= A Fork in the Road (TV series) =

Australian travel television series

A Fork in the Road is an Australian travel television series airing on SBS and hosted by Pria Viswalingam. Described by SBS as "the thinking-person's travel show" the program takes the viewer off the beaten track and takes a look at the lives of the people living in each destination rather than following the usual "travel show" format.

For the first five series of A Fork in the Road, the show explored the world. The sixth series was called A Fork in Australia and explored locations closer to home. The altogether 62 episodes had a length of ca. 25 minutes each.

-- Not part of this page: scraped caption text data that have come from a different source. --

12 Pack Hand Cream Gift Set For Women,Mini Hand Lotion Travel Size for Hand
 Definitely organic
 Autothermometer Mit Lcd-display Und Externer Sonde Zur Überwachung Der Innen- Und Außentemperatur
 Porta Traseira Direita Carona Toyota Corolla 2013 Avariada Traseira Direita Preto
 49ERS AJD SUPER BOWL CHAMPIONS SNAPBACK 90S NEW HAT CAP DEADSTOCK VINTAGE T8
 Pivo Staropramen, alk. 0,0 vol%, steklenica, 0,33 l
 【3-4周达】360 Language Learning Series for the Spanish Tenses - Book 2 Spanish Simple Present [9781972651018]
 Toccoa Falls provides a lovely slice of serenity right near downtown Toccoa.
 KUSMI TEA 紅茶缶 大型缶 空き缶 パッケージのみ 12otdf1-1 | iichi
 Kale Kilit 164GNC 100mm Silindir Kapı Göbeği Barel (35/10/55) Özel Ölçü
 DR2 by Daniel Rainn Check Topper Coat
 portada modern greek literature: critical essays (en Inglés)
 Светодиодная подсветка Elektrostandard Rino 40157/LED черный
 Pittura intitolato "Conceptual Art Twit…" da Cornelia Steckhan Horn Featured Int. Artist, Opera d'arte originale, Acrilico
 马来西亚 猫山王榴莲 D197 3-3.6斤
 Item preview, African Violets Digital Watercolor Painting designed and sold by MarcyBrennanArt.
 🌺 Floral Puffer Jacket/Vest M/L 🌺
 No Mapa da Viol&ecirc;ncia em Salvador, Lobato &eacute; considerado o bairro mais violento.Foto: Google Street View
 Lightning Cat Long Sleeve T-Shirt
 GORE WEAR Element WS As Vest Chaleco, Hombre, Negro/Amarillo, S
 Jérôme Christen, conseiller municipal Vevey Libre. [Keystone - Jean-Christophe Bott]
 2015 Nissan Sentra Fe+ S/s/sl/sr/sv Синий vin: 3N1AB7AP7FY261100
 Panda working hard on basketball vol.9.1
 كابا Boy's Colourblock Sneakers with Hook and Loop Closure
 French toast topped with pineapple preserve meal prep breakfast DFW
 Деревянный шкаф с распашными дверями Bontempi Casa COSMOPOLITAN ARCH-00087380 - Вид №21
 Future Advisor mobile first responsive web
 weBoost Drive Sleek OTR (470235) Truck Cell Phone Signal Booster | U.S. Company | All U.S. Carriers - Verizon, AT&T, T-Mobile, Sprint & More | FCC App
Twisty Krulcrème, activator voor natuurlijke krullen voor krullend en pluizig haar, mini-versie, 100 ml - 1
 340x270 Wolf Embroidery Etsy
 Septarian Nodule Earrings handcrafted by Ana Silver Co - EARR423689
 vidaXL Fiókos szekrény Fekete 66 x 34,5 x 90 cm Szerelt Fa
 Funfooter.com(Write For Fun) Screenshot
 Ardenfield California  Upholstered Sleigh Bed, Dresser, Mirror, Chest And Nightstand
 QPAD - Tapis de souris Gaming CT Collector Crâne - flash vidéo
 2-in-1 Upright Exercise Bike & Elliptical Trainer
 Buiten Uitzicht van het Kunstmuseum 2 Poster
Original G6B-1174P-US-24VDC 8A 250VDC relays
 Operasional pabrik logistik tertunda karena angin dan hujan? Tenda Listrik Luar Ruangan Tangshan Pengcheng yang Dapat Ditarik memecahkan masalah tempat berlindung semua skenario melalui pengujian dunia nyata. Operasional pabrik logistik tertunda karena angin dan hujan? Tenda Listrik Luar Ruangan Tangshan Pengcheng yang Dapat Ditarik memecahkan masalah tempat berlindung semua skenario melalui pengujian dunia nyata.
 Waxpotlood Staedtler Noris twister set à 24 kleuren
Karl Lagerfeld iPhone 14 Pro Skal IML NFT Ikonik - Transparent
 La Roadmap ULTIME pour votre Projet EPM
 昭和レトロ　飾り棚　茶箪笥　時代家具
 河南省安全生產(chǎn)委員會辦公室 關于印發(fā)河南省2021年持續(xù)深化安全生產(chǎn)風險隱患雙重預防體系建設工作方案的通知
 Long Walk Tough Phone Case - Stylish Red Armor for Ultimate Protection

==Episodes in each series==
===Series 1===
1992: Egypt, Tuscany, Scotland, Hong Kong, Rhône-Alpes (France) and New York.

===Series 2===
1993: Greece, Argentina, Indonesia, Zimbabwe, the Rhine Valley (Alsace, Germany & Switzerland) and San Francisco.

===Series 3===
1994: Chicago, Paris, Sicily, Kerala (India), Malta and New Zealand.

===Series 4===
1995: New Orleans, Hungary (2 episodes), Marseille, Rio de Janeiro and Malaysia.

===Series 5===
Washington, D.C., Japan, Spain, Jamaica, Ireland (2 episodes).

===Series 6 (A Fork in Australia)===
1999: Colours, Wheat, Clever Country, Friends & Lovers, Tourism, Food, The Cringe, The Pilgrimage.

===Series 7 (A Fork in Asia)===
Tokyo/Hokkaido, Delhi, Beijing, Nepal, Lebanon, Singapore, Guilin and Thailand.

===Series 8 (A Fork in Africa)===
Tunisia, Kenya, Cape Town, Ethiopia, Madagascar, Zanzibar, Mali and Black Paris

===Series 9 (A Fork in the Mediterranean)===
2006: Venice, Barcelona, Saint-Tropez, Morocco, Kythera Island, Israel, Gibraltar, and Turkey.